Rule 15(c)(2) provides that "[a]n amendment of a pleading relates back to the date of the original pleading when . . . the claim or defense asserted in the amended pleading arose out of the conduct, transaction, or occurrence set forth or attempted to be set forth in the original pleading. . . ." Thus, the Court will allow Plaintiff to amend his complaint to include a hostile work environment claim if his claim arises out of the same "conduct, transaction, or occurrence" set forth in his original complaint. Bularz v. Prudential Ins. Co. of Am., 93 F.3d 372, 379 (7th Cir. 1996).
In his original complaint, Plaintiff alleges that the CTA discriminated against him on the basis of his race. Plaintiff's hostile work environment claim relates directly to the facts and discrimination allegations asserted in his original complaint. Accordingly, it relates back to the original complaint and is timely.
II. Plaintiff Exhausted His Administrative Remedies On His Hostile Work Environment Claim
As a general rule, a plaintiff suing under Title VII cannot bring claims in a lawsuit that were not included in his EEOC charge. Harper v. Godfrey Co., 45 F.3d 143, 147-48 (7th Cir. 1995); Rush v. McDonald's Corp., 966 F.2d 1104, 1110 (7th Cir. 1992). "An aggrieved employee may not complain to the E.E.O.C. of only certain instances of discrimination, and then seek judicial relief for different instances of discrimination." Rush, 966 F.2d at 1110. However, "because most EEOC charges are completed by laypersons rather than by lawyers, a Title VII plaintiff need not allege in an EEOC charge each and every fact that combines to form the basis of each claim in her complaint." Cheek v. Western S. Life Ins. Co., 31 F.3d 497, 500 (7th Cir, 1994). See also Kristufek v. Hussman Foodservice Co., Toastmaster Div., 985 F.24 364, 368 (7th Cir. 1993) ("EEOC charges are to be read broadly"). The test for determining whether a plaintiff's claims are within the scope of his EEOC charges is (1) whether "there is a reasonable relationship between the allegations in the charge and the claims in the complaint" and (2) whether "the claim in the complaint can reasonably be expected to grow out of an EEOC investigation of the allegations in the charge." Cheek, 31 F.3d at 500.
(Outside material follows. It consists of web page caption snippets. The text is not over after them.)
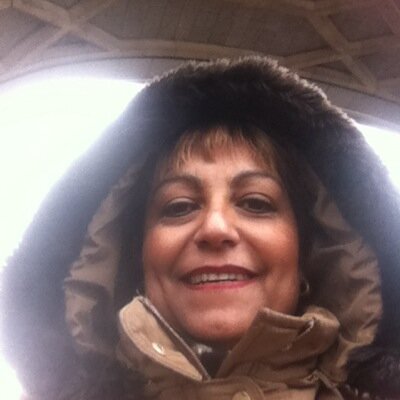 Profesora del alma . Mamá de Claudio y Andrés, casada con otro Claudio .Un poco loca,pero buena onda. Me dedico a la Lingüística y Literatura. Soy Donante!!!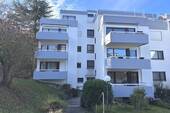 Hausansicht - Helle 2-Zimmer-Wohnung in gefragter Halbhöhenlage mit Balkon und PKW-Stellplatz!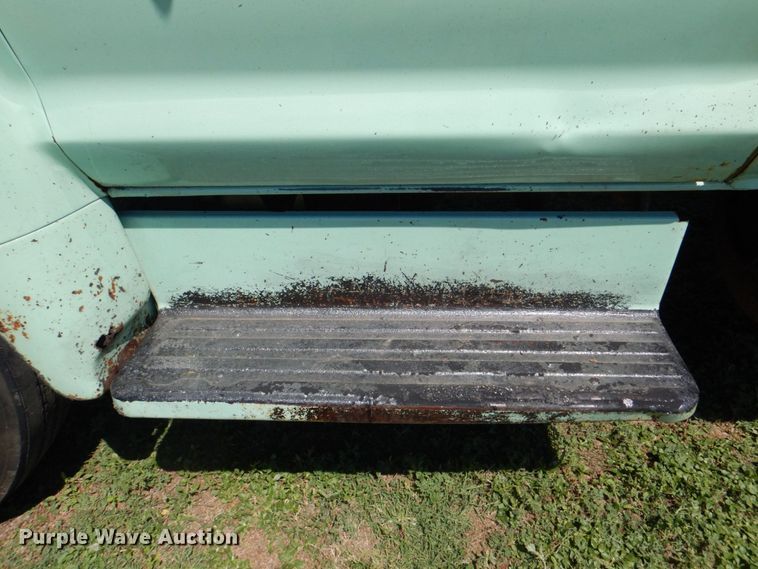 image for item DR2036 1977 Ford F600  dump truck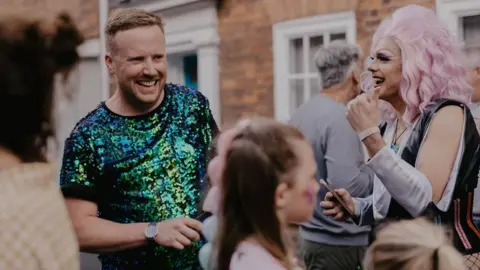 Mikaela Jade Photography Rowan Hunter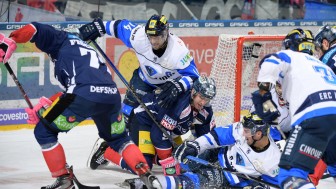 Captain Dustin Friesen (center, # 14), Colton Jobke (shotblocking) and their team had a great weekend. Foto: City Press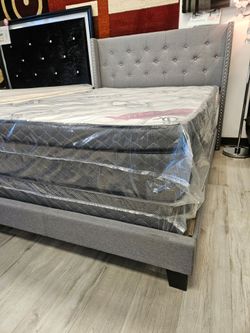12" Thick  !!! Queen Box spring and Mattress  $249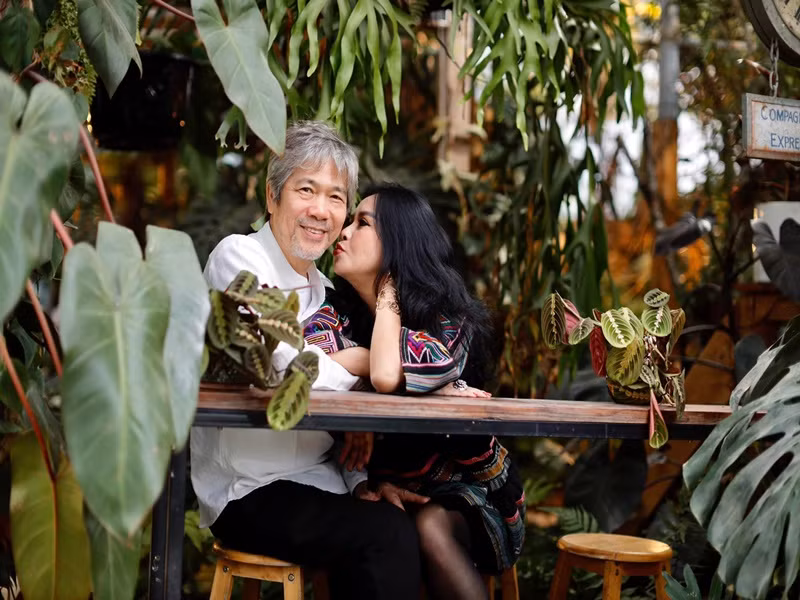 Trong cuộc phỏng vấn với Tiền Phong đầu năm 2022, Thanh Lam hài hước chia sẻ bạn trai chịu khó chụp ảnh bên cô vì thấy mình đẹp trai.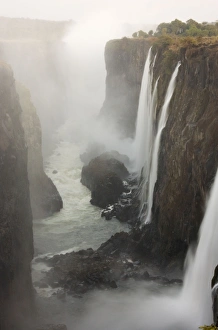 Images Dated 18th August 2006: Zambia - View of the Zambezi River and the Victoria Falls (1700m wide)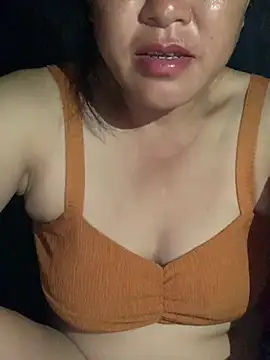Snapshot of candy-beo chatting on July 11, 2026, 7:14 pm candy-beo online show from July 11, 2026, 7:14 pm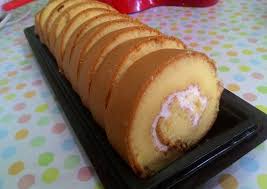 Bolu gulung yang lembut dan tampil cantik pasti bakal cocok banget disajikan saat bersantai ataupun bersama keluarga besar. Resep Bolu Gulung Ekonomis Super Irit Enak Dan Lembut Oleh Anikha Akhluna Cookpad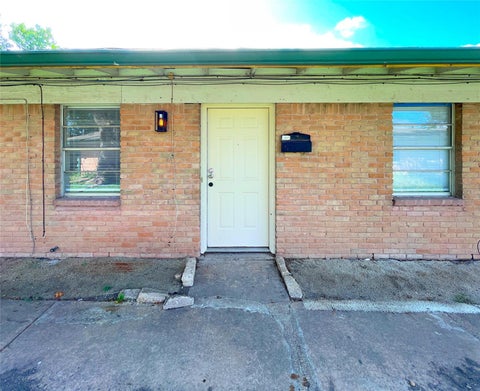 Photo of 902 N Meadows DR #C, Austin, TX 78758 (MLS # 6604714)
Defendant argues that Plaintiff's hostile work environment claim does not reasonably relate to his EEOC charge and does not arise from the allegations in the charge. Plaintiff's EEOC charge stated "I have also been subjected to racial remarks made by a co-worker," Although this statement does not specifically state a hostile work environment claim and is not sufficiently detailed, such a claim could reasonably grow out of an EEOC investigation of the racial discrimination charge. Accordingly, Defendant's motion is denied.
III. Plaintiff Has Failed to State a Claim Under Section 1983
Defendant argues that the Second Amended Complaint does not allege that the CTA had an official policy or custom that is unconstitutional, and therefore fails to state a claim under 42 U.S.C. § 1983. The Court agrees.
Section 1983 liability against a municipal entity like the CTA does not exist under a theory of respondeat superior. Leatherman v. Tarrani County Narc. Intel Coord'n Unit, 507 U.S. 163, 166, 113 S.Ct. 1160, 1162, 122 L.Ed.2d 517 (1993); Monell v. New York City Dept. of Social Serv's., 436 U.S. 658, 691, 98 S.Ct. 2018, 2036, 56 L.Ed.2d 611 (1978). In order to state a claim for Section 1983 liability, the plaintiff must allege either that (1) the municipal employee's actions were taken pursuant to an unconstitutional policy or custom of the municipality itself, or (2) the municipality granted "final decisionmaking authority" to a municipal employee." MeNabola v. CTA, 10 F.3d 501, 509-10 (7th Cir. 1993). As the Seventh Circuit has explained, Plaintiff must allege "action by the Board or action by another decisionmaker with authority to establish official policy. . . ." Radio v. CTA, 73 F.3d 159, 160-61 (7th Cir. 1996). See also McNabola, 10 F.3d at 509-10.
Plaintiff only alleges that "the actions of the CTA complained of herein were made under color of state law, as the CTA is a state created entity." (Second Amended Complaint, ¶ 23). This allegation is insufficient to state a Section 1983 claim. Accordingly, Plaintiff's Section 1983 claim is dismissed.
CONCLUSION
Defendant's motion to dismiss the second amended complaint is granted in part and denied in part. It is granted with respect to the Section 1983 claim, and denied with respect to the other claims.